Senate approved SB 517, which would put HRSA under the authority of the Business, Transportation, and Housing Agency and give the Govenor and Legislature substantially more control over its board membership. And just yesterday, the Assembly passed AB 145, which would create a new agency, the Department of High Speed Rail Trains, within Business, Transportation, and Housing. These two bills, presumably, lay the groundwork for taking away HRSA's authority. Given the Authority's history of wasting vast amounts of money with little to show for it, this isn't in itself a bad thing; as of 2010, HRSA had spent $250 million since 1996 without producing an inch of track. But for us it's a worrying sign that Sacramento's bureaucrats haven't given up on this spectacularly wasteful boondoggle, and that they're ignoring the LAO's other concerns in their eagerness to claim billions in federal funds toward the project. According to Senate President Pro Tem Darrell Steinberg, the goal is to "mend the project, not end it."

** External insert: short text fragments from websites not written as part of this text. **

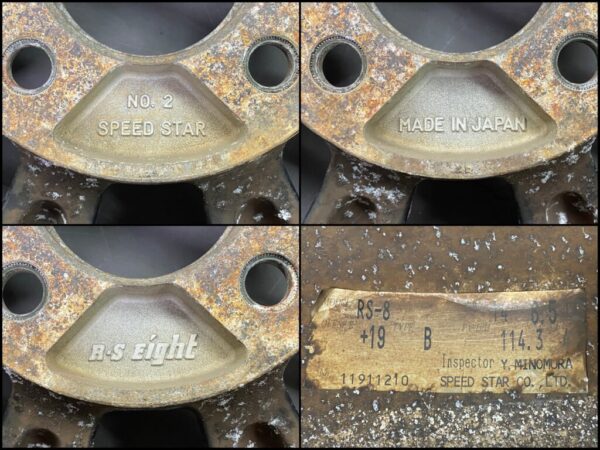 SSR WATANABE RS-8 Type B 3 piece 14x6.5j +19 4×114.3 CB:74 x4 - Image 13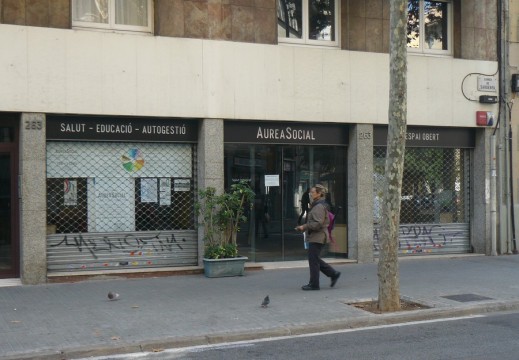 Aura Social, sede de la Cooperativa Integral Catalana, en Barcelona.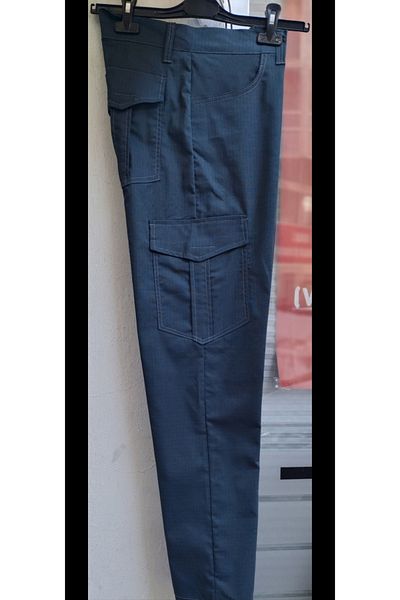 BeyzDenim Blue Stretchy Cargo Tactical Large Size Ripsstop Pants
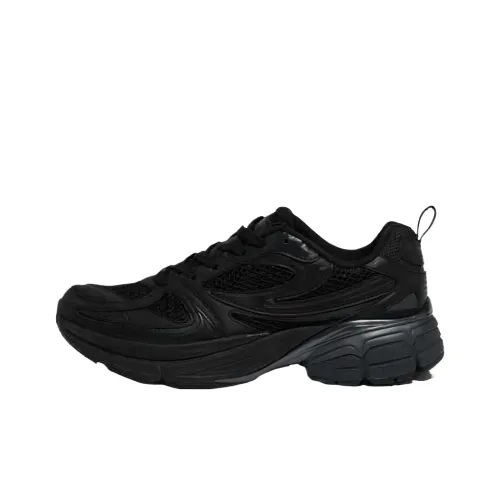 FILA Interrun Low Top Running Shoes Unisex Black
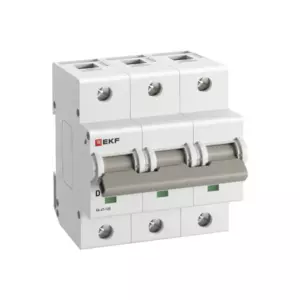 Автоматический выключатель 3P 100А (D) 15кА ВА 47-125 EKF PROxima; mcb47125-3-100D
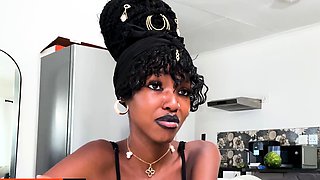 Amateur Ebony Teen Tight Pussy Stretched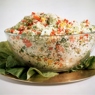 Фотография рецепта Летний разноцветный салат с кускусом и красными перцами автор Саша Давыденко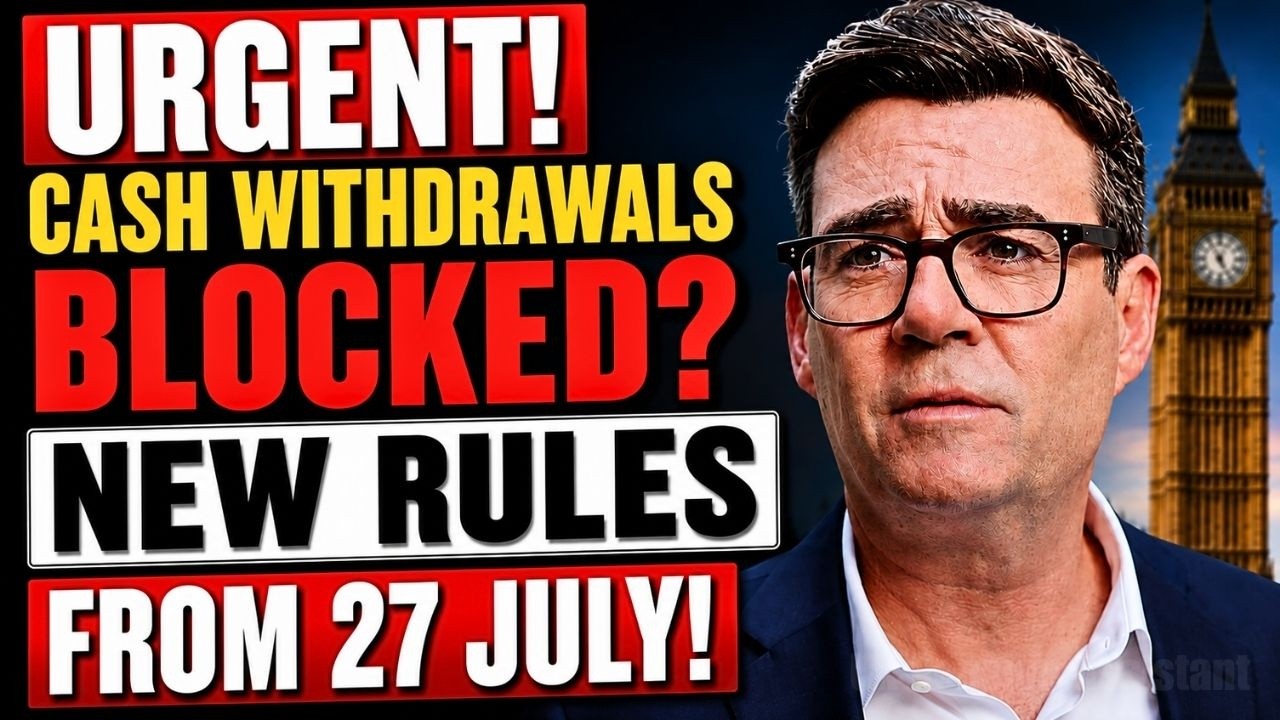 🚨 Attention UK Seniors 60+: New Cash Withdrawal Rules Take Effect from 27 July 2026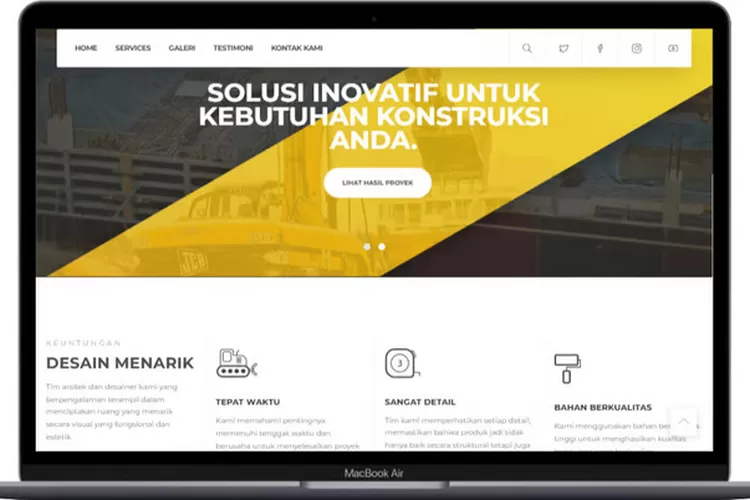 Situs internet profesional, kesuksesan bisnis utama di technology virtual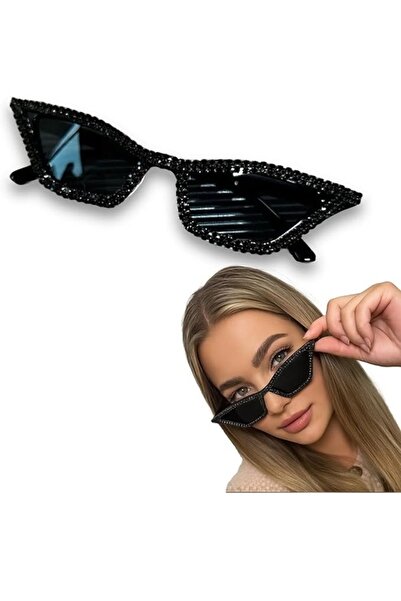 BirYıldızOl Cat Eye Stone Sunglasses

Even if the Legislature succeeds in wresting control of high speed rail away from HRSA, there's still the question of what to do with appropriations requests for Authority funds that are still floating around. The LAO recommended slashing Jerry Brown's request of $185 million down to $7 million, which is a bureaucracy's way of saying that HRSA can't possibly do a damn bit of good with the money and should be kept from wasting it wherever possible. Yet unless the Business, Transportation, and Housing Agency is really ready to go, cutting off funds to the project at this point will only make it harder for California to begin work on it by the September 2012 deadline. The second big problem is that all the arguments for the line insist that it can generate profits that cover the costs of construction; aside from the fact that this generally isn't true elsewhere in the world, the business case for the California project suffers when you remember that it's being built in the middle of nowhere. The first phase of the line, the projected cost of which has already ballooned by 57% since planning started, will run between the towns of Borden ("near Fresno") and Corcoran ("north of Bakersfield"). The choice to start in an isolated stretch of the Central Valley was made to evade federal environmental-clearance requirements that would've led to a missed deadline and the loss of federal funds. But, clearly, it's not going to help taxpayers to have empty trains running in the middle of nowhere.